Leave out the pictures and retype exactly the lines from the line with "Panorama güzel dağ gölü Buyan Bali" through the end of the listing below.

◆ Data section ◆
────────────────

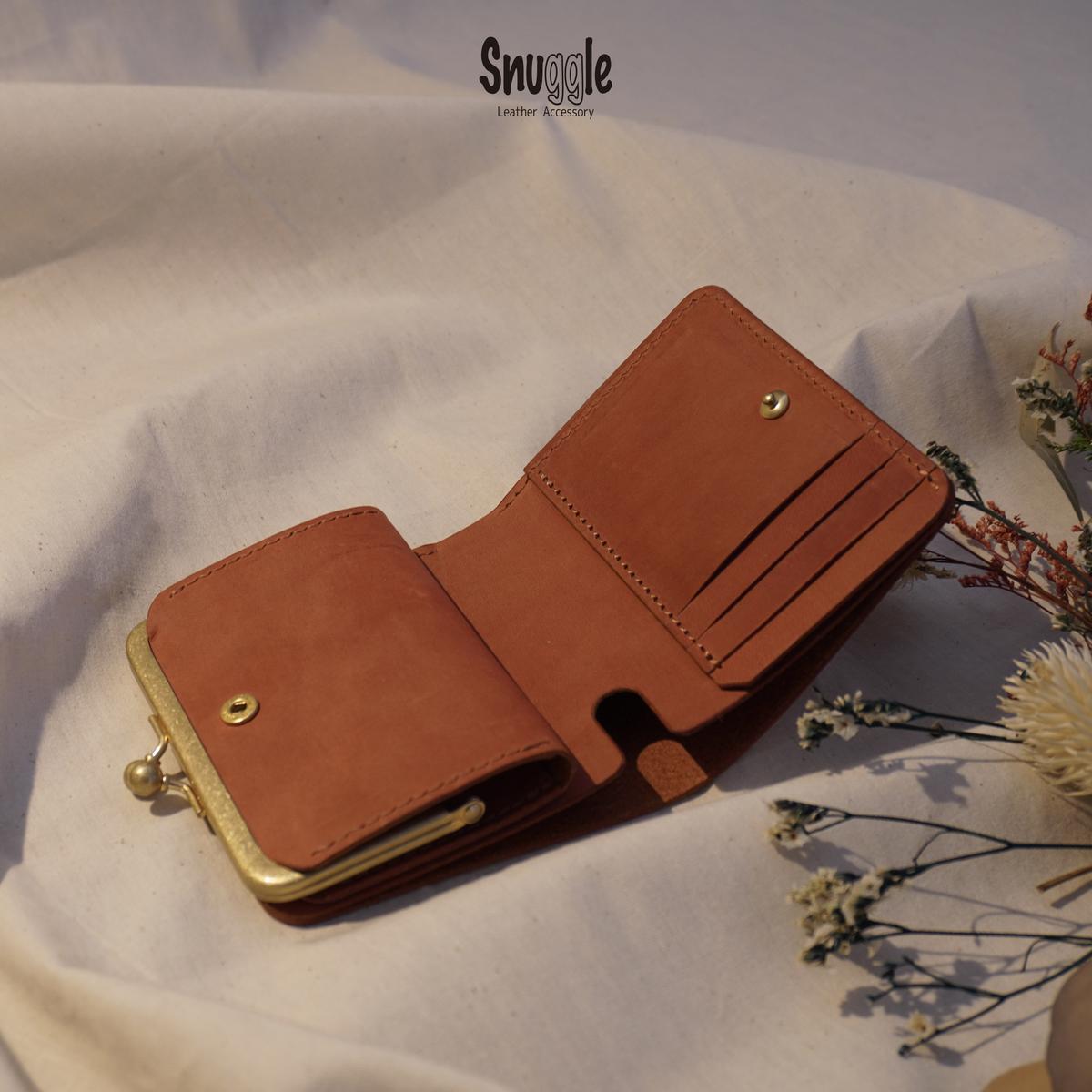 【ふるさと納税】【4色展開】がま口ショートウォレット　通常タイプ　革小物　ハンドメイド　手縫い　一点物　財布　スナッグルレザー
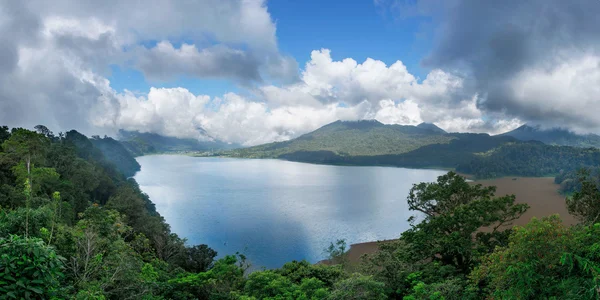 Panorama güzel dağ gölü Buyan Bali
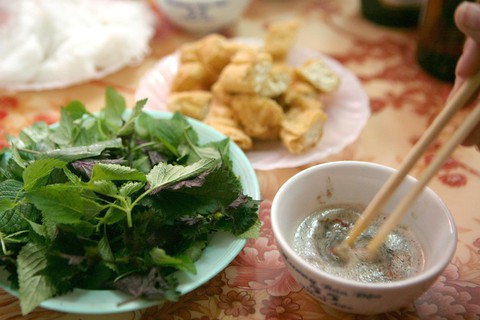 Người nước ngoài tò mò: Người Việt ăn cá nhiều xương, ăn mắm nặng mùi hay thế! - Ảnh 4. người Việt ăn cá - Ảnh 5.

────────────────

◆ Answer to the exercise ◆
 Panorama güzel dağ gölü Buyan Bali
 Người nước ngoài tò mò: Người Việt ăn cá nhiều xương, ăn mắm nặng mùi hay thế! - Ảnh 4. người Việt ăn cá - Ảnh 5.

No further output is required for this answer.